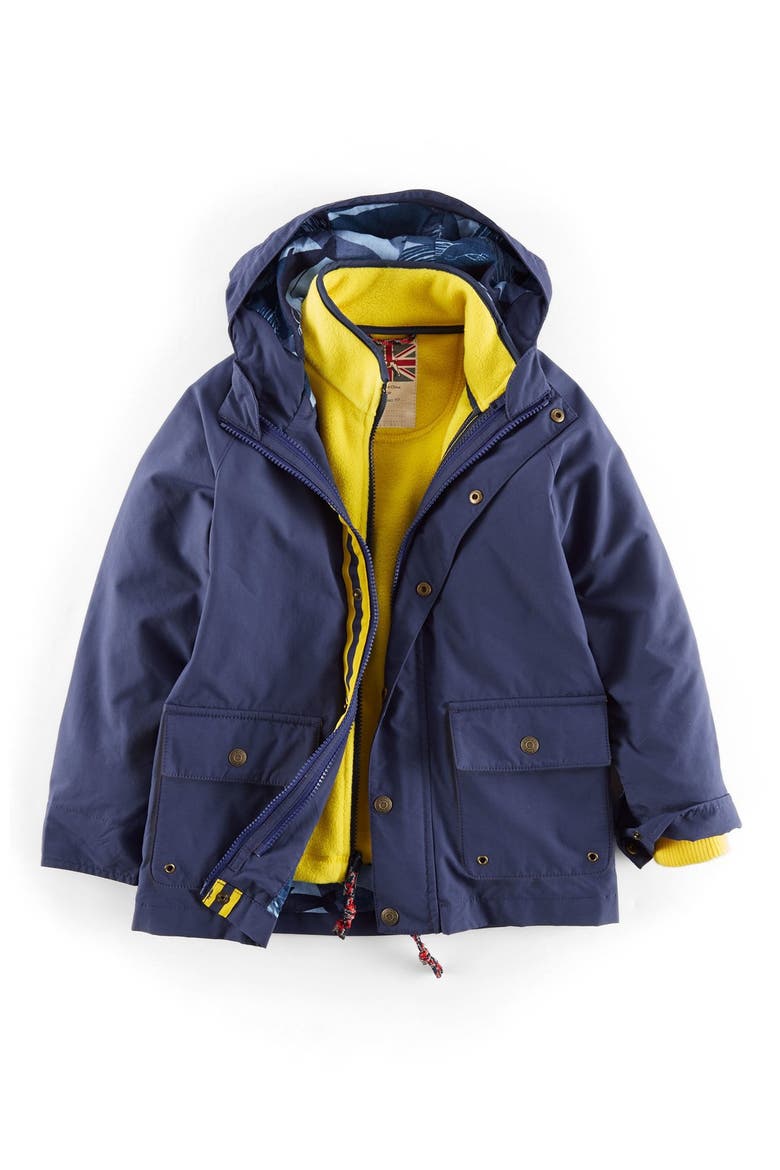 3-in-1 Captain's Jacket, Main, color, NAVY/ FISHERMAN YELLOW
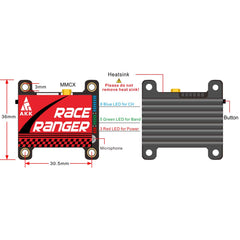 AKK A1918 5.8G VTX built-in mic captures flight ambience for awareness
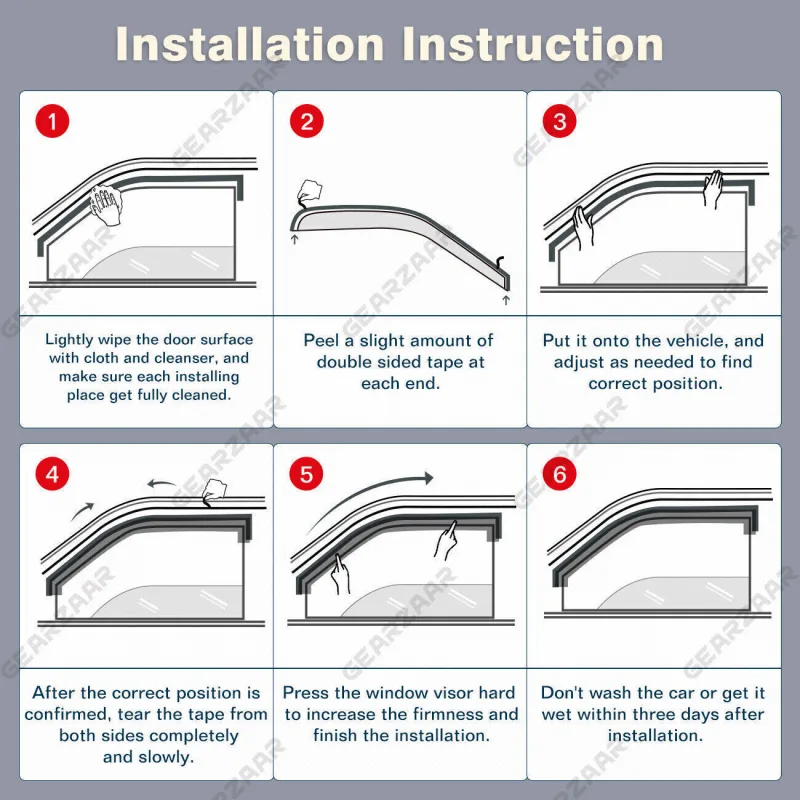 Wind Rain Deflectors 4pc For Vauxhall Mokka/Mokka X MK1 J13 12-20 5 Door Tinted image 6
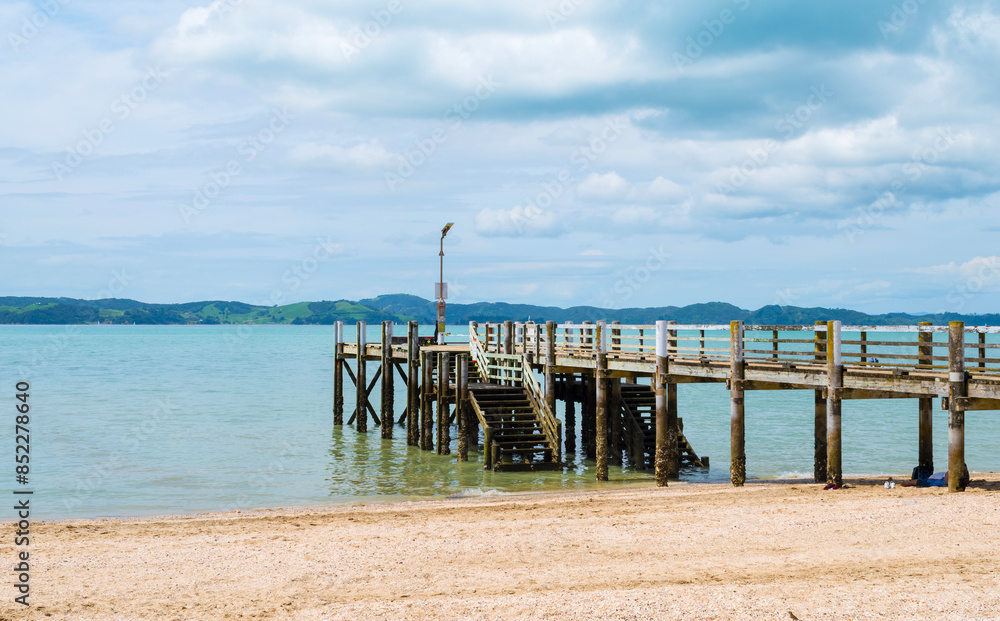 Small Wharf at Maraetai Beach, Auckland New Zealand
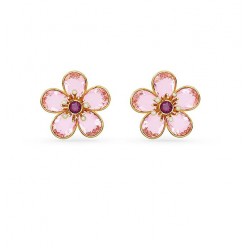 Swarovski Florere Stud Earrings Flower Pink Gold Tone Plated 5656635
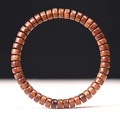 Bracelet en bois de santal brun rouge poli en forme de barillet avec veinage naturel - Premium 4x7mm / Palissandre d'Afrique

====================

- [Exercise goal] Without including any pictures, print each record exactly.

- [Result of this task]
 3-in-1 Captain's Jacket, Main, color, NAVY/ FISHERMAN YELLOW
 AKK A1918 5.8G VTX built-in mic captures flight ambience for awareness
 Wind Rain Deflectors 4pc For Vauxhall Mokka/Mokka X MK1 J13 12-20 5 Door Tinted image 6
 Small Wharf at Maraetai Beach, Auckland New Zealand
 Swarovski Florere Stud Earrings Flower Pink Gold Tone Plated 5656635
 Bracelet en bois de santal brun rouge poli en forme de barillet avec veinage naturel - Premium 4x7mm / Palissandre d'Afrique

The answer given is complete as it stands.